Director Mimi Leder and screenwriter Daniel Stiepleman squeeze every incident covered by the film into some familiar Hollywood template, simplifying and glamorizing all the way. This is a film for people who think the worst thing about “Kiki” Ginsburg, as her friends and family called her, is that she doesn’t look enough like a movie star.

The movie star who does play Kiki from 1956 to 1975 is the pretty and ever-plucky British actress Felicity Jones, whose Brooklyn accent can’t compete with the one mustered by D.C.-bred Justin Theroux, who brings some welcome roughness to the characterization of brusque and braying ACLU legal director Mel Wulf. But Jones’ principal co-star is that reigning smoothie of the silver screen, Armie Hammer, playing husband Marty Ginsburg as helpmate, dreamboat, part-time saint — and crackerjack tax attorney to boot.

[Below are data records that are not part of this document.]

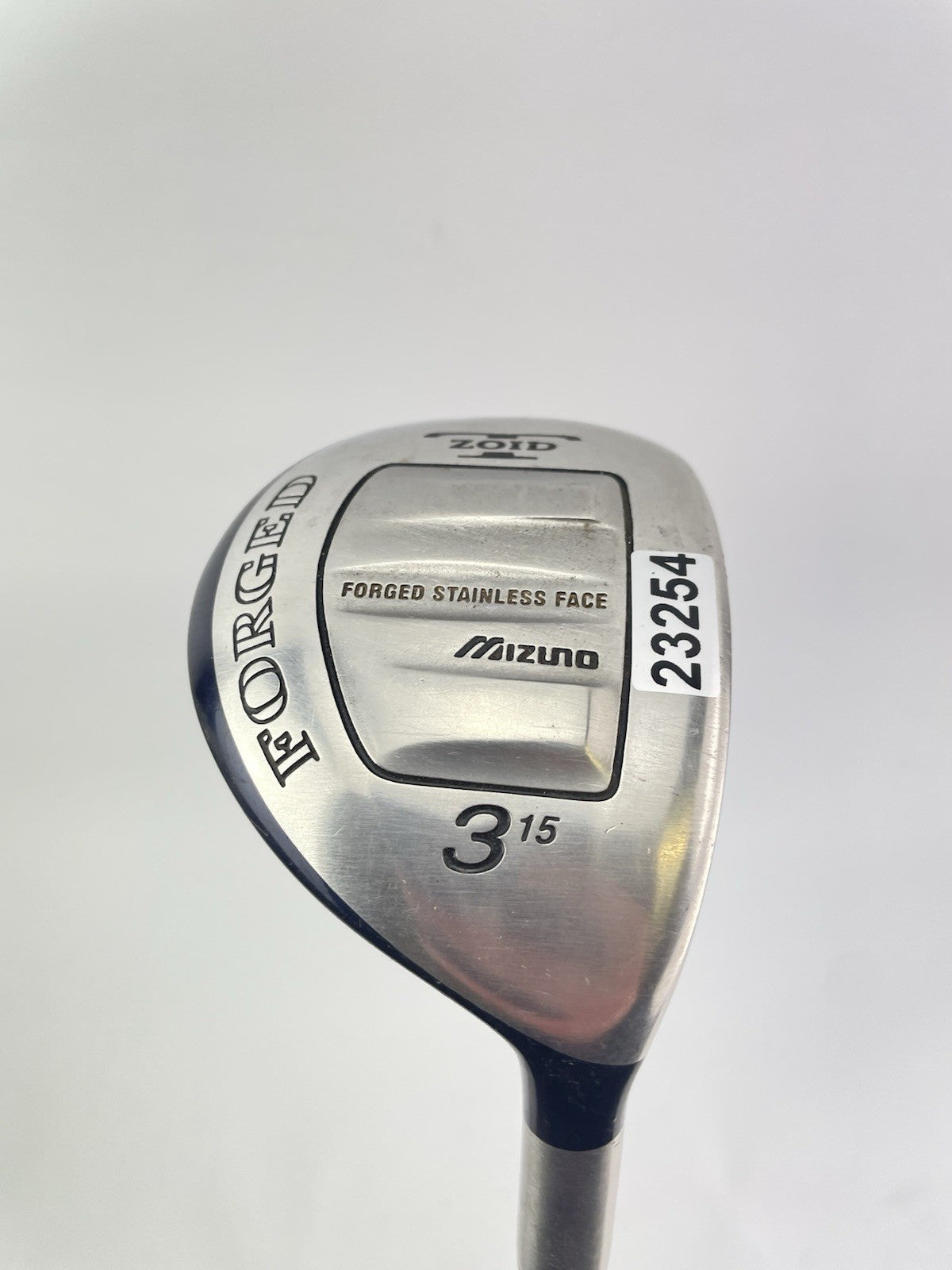 Mizuno T-Zoid 3 Wood 15* Forged Ladies Flex Graphite /Right Hand /New Grip/2325418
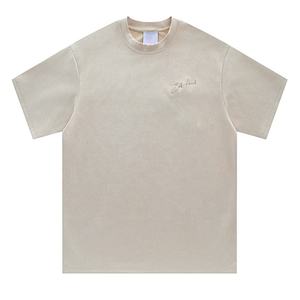 Tシャツ男性用デザイナーTシャツカスタム100% コットンTシャツ - Product Image 3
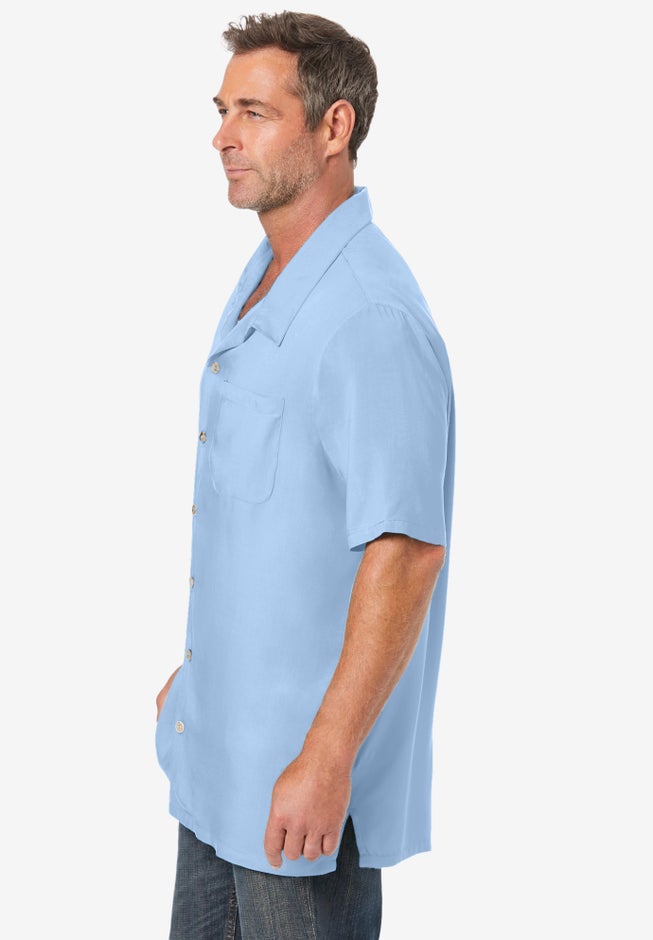 KS Island Solid Camp Shirt image number 2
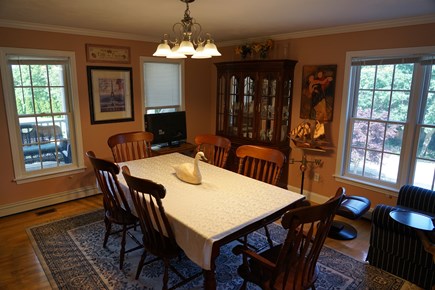 East Dennis Cape Cod vacation rental - Dining room
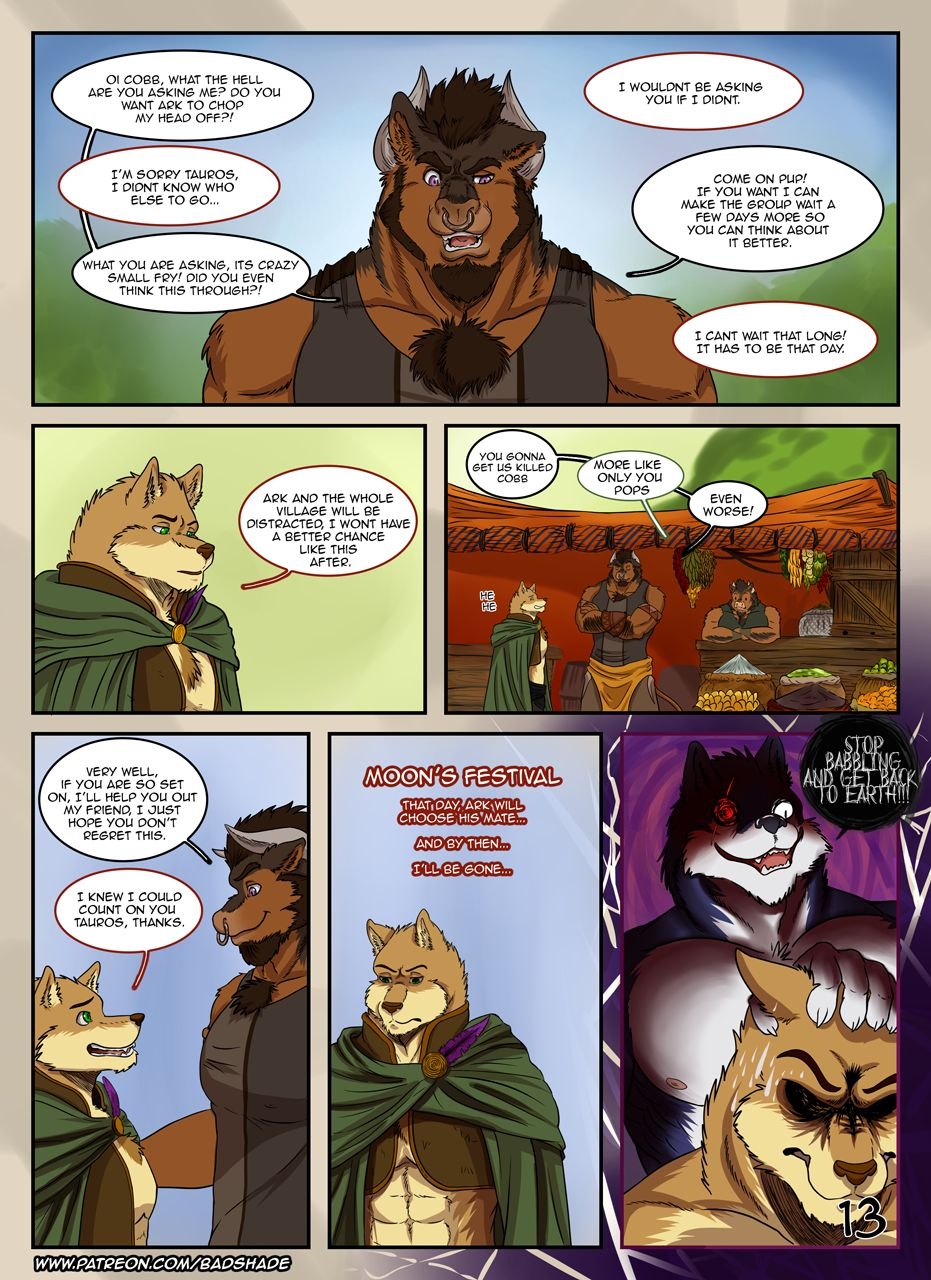 [Shade-The-Wolf] Forest Hunt (Eng)(WIP) 14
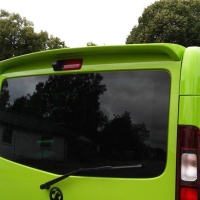 Autostyle zadní spoiler kšilt Renault Trafic (výklopné zadní dveře) -- rok výroby 2001-14 / 2014- Autostyle zadní spoiler kšilt Renault Trafic (výklopné zadní dveře) -- rok výroby 2001-14 / 2014-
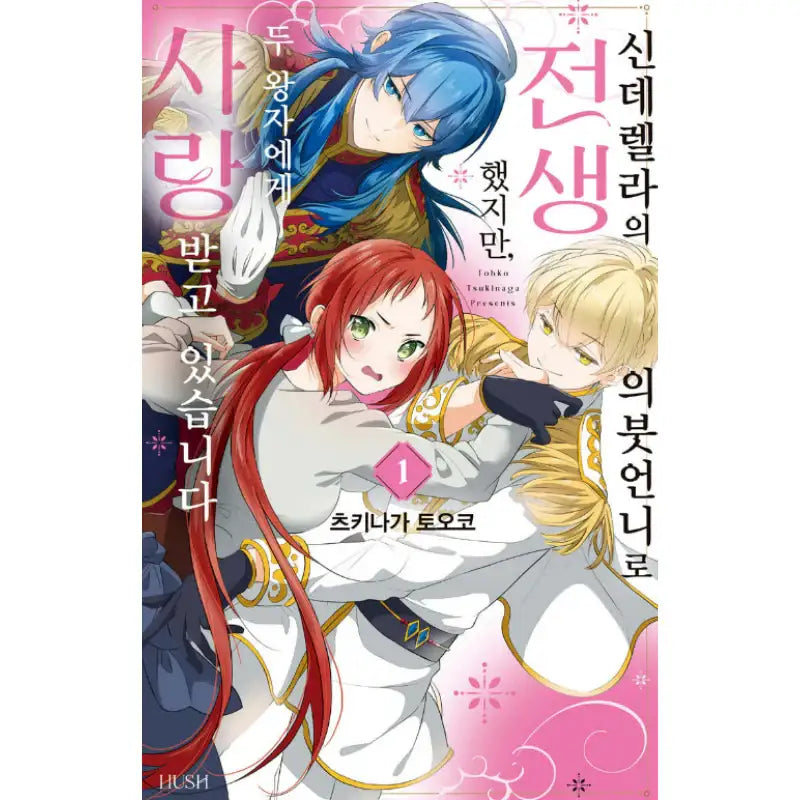 Cinderella no Giri Ane ni Tensei shitakedo Futari no Ouji ni Dekiaisareteimasu - Manhwa - HUSH - Manhwa - Harumio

The drama begins at Harvard Law School, whose crusty dean (Sam Waterston, as Kiki’s recurring nemesis) can barely abide women among his students. Upon graduating — not from Harvard, but Columbia, when Marty accepts a job with a New York firm — Kiki finds that no such firm will hire her. She settles for a professorship at Rutgers, where she’s still teaching when the movie boogies to 1970 on the beat of the Chambers Brothers’ “Time Has Come Today.”

The movie’s central role was once intended for Natalie Portman, who probably would have been more believable. But the presence of Jones — whose credits include sojourns in the Star Wars, Marvel Comics and Dan Brown universes — has one interesting effect: It suggests that the film is best appreciated as the latest installment in a franchise.

While it’s not exactly a sequel to “RBG,” the hit documentary from last year, the film does seem designed primarily for viewers who can’t get enough Ruth Bader Ginsburg. Viewed through that lens, “On the Basis of Sex” sort of works. As filmmaking, it’s clunky, but as fan service, it’s more effective.